Isaiah was obviously a refined and educated man. His vocabulary exceeds that found in any other Old Testament book. His writings were poetic—literally. Over 90 percent of the Book of Isaiah is in poetic form, which helped during the oral transmittal process since not too many people had a set of scriptures on their mobile devices. But poetry, especially when set to music, is much easier to remember.
His writing are also very sophisticated, very courageous, and very cryptic. He often talks about two or three things at the same time which mean different things to different people. Like Jesus, the world’s greatest teacher, Isaiah taught using metaphors, symbolism, parallelism, chiasmus, parables—effectively hiding the pearls from the swine.

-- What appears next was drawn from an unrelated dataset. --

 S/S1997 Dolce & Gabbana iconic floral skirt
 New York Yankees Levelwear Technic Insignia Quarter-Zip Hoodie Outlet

So as you read the book, and find you aren’t understanding absolutely everything, don’t worry about it. You’re obviously part swine. (Just kidding.)
Nephi gave us the key to understanding Isaiah. He said:
2 Nephi 25:4
The words of Isaiah are … plain unto all those that are filled with the spirit of prophecy.
An angel told John the Revelator that the spirit of prophecy was the testimony of Jesus (Rev. 19:10). So we need to have a living knowledge and testimony of gospel truths, especially about the divine mission of Jesus Christ. This is a spiritual gift that God has promised to all who diligently seek for it. But like all spiritual gifts it is dependent on our worthiness. We have to strive to keep all of the commandments and retain the Holy Spirit. And then we have to study, ponder, and pray so we can have the same spirit that inspired Isaiah originally. Then we can understand it. So we have to develop our own spirituality in order to understand Isaiah.
Example of Poetic Imagery
Let me give you an example of the poetic genius of Isaiah. I remember first hearing this when I was a young pup back in the 70’s. It was a song on a cassette tape produced by the Mormon folk group, “The Three D’s” (Dick Davis, Denis Sorenson, and Duane Hiatt, Songs and Stories of the Old Testament). It has always stuck in my mind because it is so graphically descriptive. Let me read it to you. This comes from the third chapter of Isaiah.
16 ¶Moreover the Lord saith, Because the daughters of Zion are haughty, and walk with stretched forth necks and wanton eyes, walking and mincing as they go, and making a tinkling with their feet:
17 Therefore the Lord will smite with a scab the crown of the head of the daughters of Zion, and the Lord will discover their secret parts.
18 In that day the Lord will take away the bravery of their tinkling ornaments about their feet, and their cauls, and their round tires like the moon,
19 The chains, and the bracelets, and the mufflers,
20 The bonnets, and the ornaments of the legs, and the headbands, and the tablets, and the earrings,
21 The rings, and nose jewels,
22 The changeable suits of apparel, and the mantles, and the wimples, and the crisping pins,
23 The glasses, and the fine linen, and the hoods, and the veils.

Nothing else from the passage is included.